Frank Gaffney is demonstrating once again why even an increasing number of Republicans aren’t taking him seriously anymore, as he is attacking President Obama’s nominee to head the CIA for speaking Arabic. In his Washington Times column today, Gaffney said that counterterrorism adviser John Brennan’s knowledge of Arabic and past role as CIA station chief in Saudi Arabia are actually negatives and reveal his terrorist sympathies. Gaffney also took issue with Brennan’s resistance to using the term “jihad” and argued that Brennan is “the single most important enabler of the Islamic supremacists’ agenda in government today” as he “has helped legitimate, empower, fund, arm and embolden them abroad, and embraced and appeased them here at home.”
Mr. Brennan is a textbook example of a U.S. official who has “gone native.” He speaks Arabic and was formerly the top CIA officer in Saudi Arabia. He has shown himself to be deeply sympathetic to Islamists — for example, excusing and dissembling about their commitment to jihad and the necessity of not offending them.

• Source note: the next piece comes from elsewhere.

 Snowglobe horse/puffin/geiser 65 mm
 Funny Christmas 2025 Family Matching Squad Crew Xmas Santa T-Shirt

After President Obama himself, Mr. Brennan is, arguably, the single most important enabler of the Islamic supremacists’ agenda in government today. In his role as homeland security adviser to the president — a position that does not require Senate confirmation and that he was given as a consolation prize when it became clear that he might not be confirmable as CIA director back in 2009 — Mr. Brennan has helped legitimate, empower, fund, arm and embolden them abroad, and embraced and appeased them here at home.

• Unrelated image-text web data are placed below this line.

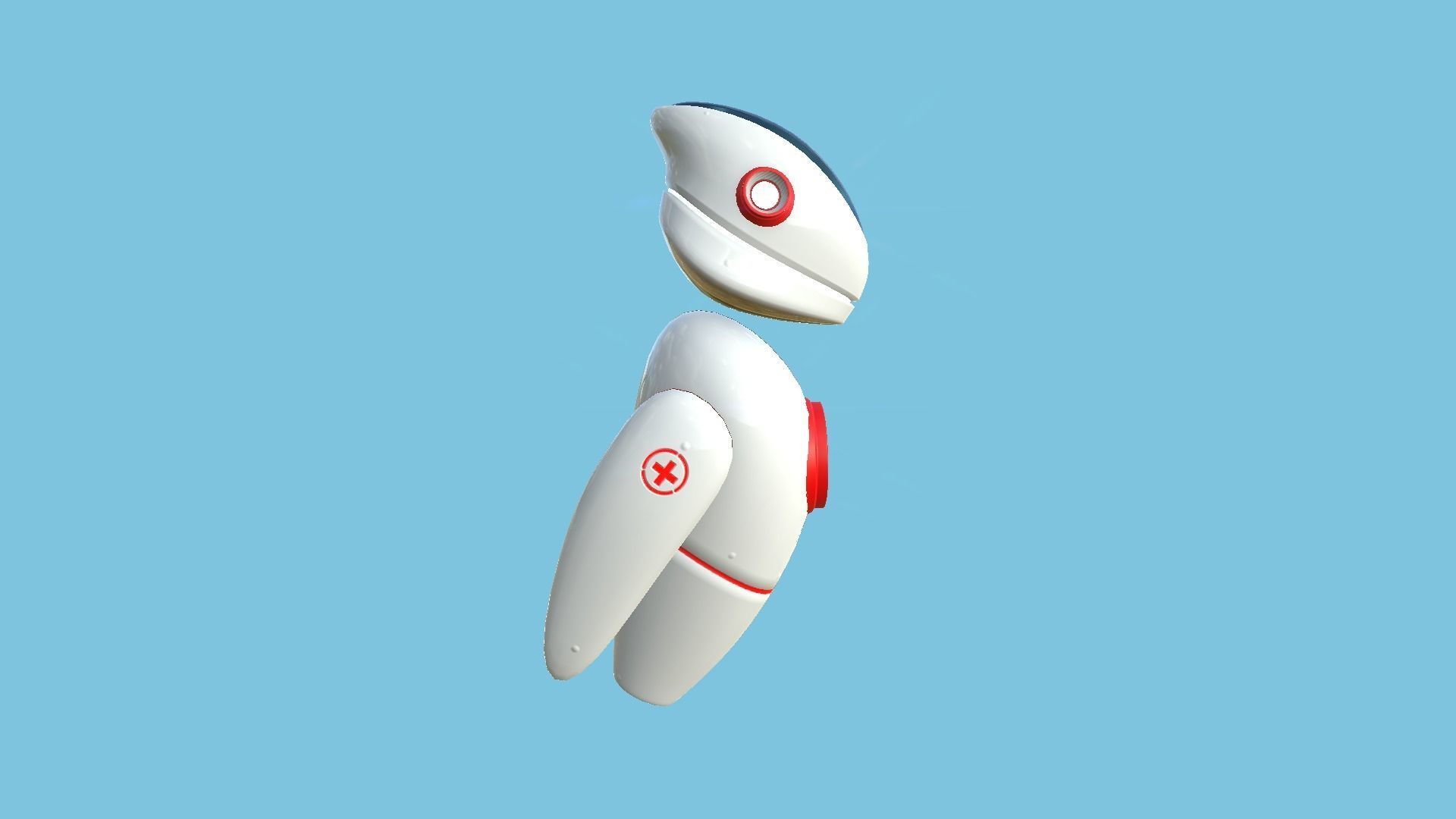 Flying Robot 08 Medic Doctor - Character SciFi Design Low-poly 3D model_2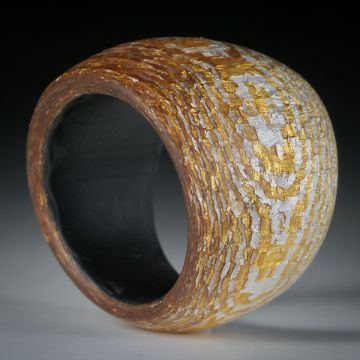 Fingerring Goldtex, Glasfaser handgewickelt, mit Blattgold und Blattsilber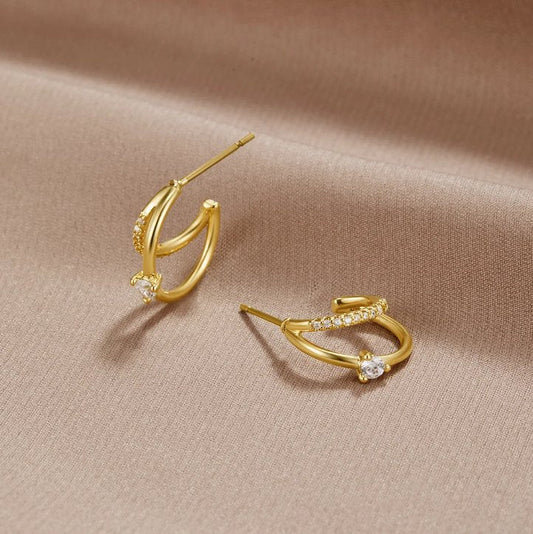 Geschichtete Kristall-Creolen in Gold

Of particular concern is the fact that Mr. Brennan has presided over the policy of engaging the Muslim Brotherhood, which has consequently been portrayed by a politicized intelligence community as “largely secular” and “eschewing violence”; the shredding of training briefings and the proscribing of trainers that might upset Muslims by telling the truth about Shariah and the jihad it commands; the penetration of U.S. agencies by Muslim Brotherhood-associated individuals as employees or senior advisers; and misrepresentations to Congress about the true, jihadist character of the attack that killed four Americans in Benghazi this past Sept. 11.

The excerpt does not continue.